This shows that even among the world’s richest nations there is considerable dispersion in labor productivity. Theoretically, it should be relatively straightforward to isolate reasons why some OECD countries have not yet reached the frontier level of hourly labor productivity (the theoretical maximum production level per unit of time that can be achieved with all else being equal). More and better machines, better education, and more innovative products in the “right” industries would seem to represent the logical secrets to success. Unfortunately, this task is not that easy. While some of the variation in labor productivity can be explained in this way, research shows that “soft” or intangible elements of the economic environment also influence labor productivity. These soft factors include the rule of law, the reliability of the legal system, and the overall level of trust among market participants. While decisively important, these factors are notoriously difficult to measure and cannot be changed overnight. A noteworthy piece of research shows that even if Niger and the US had the same endowment of physical and human capital, US workers would still be seven times more productive [3].

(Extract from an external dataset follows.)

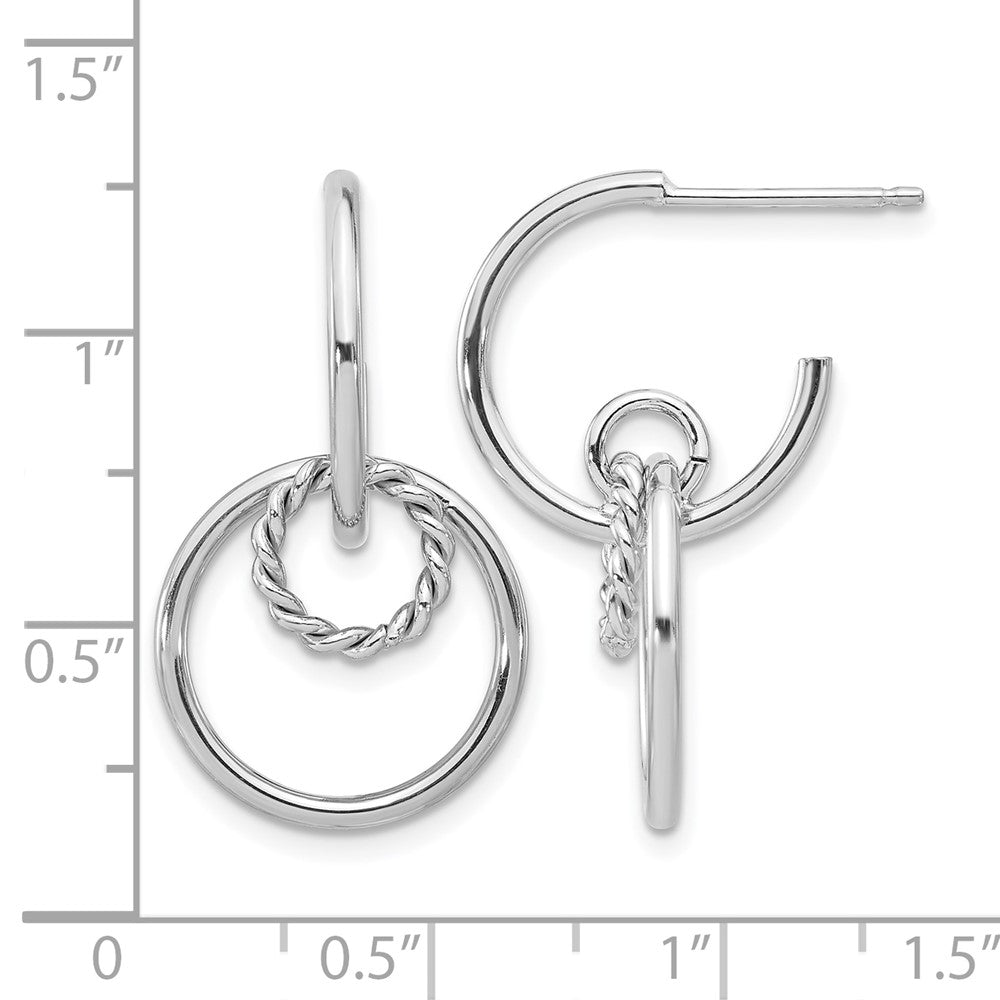 Sterling Silver Rhodium-plated Polished and Textured Post Dangle E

Another complication is that average productivity is just an average of a great range of outcomes at the sector, enterprise, or even individual level [4], [5]. The structure of production within a nation consists of many sectors or firms of different productivity. As long as firms with low productivity survive, they can “trap” factors of production that presumably could be more effective in other uses, thereby pulling down the average [6].

Labor productivity and the business cycle: Theory and evidence

If higher labor productivity is associated with higher GDP and long-term prosperity, would it not also be logical to associate it with business cycles—the ups and downs of general economic conditions? Indeed, business cycle analysts have long sought to connect sudden shifts in labor productivity to the business cycle. In most industrialized countries and for most of the post-World War II period, labor productivity has been procyclical. Figure 2 plots the temporal evolution of growth rates of GDP and the same productivity measure presented in the Illustration and Figure 1 for six major OECD economies. For these countries (and for the OECD as a whole, with few exceptions) average labor productivity generally rises when the pace of economic activity is expanding.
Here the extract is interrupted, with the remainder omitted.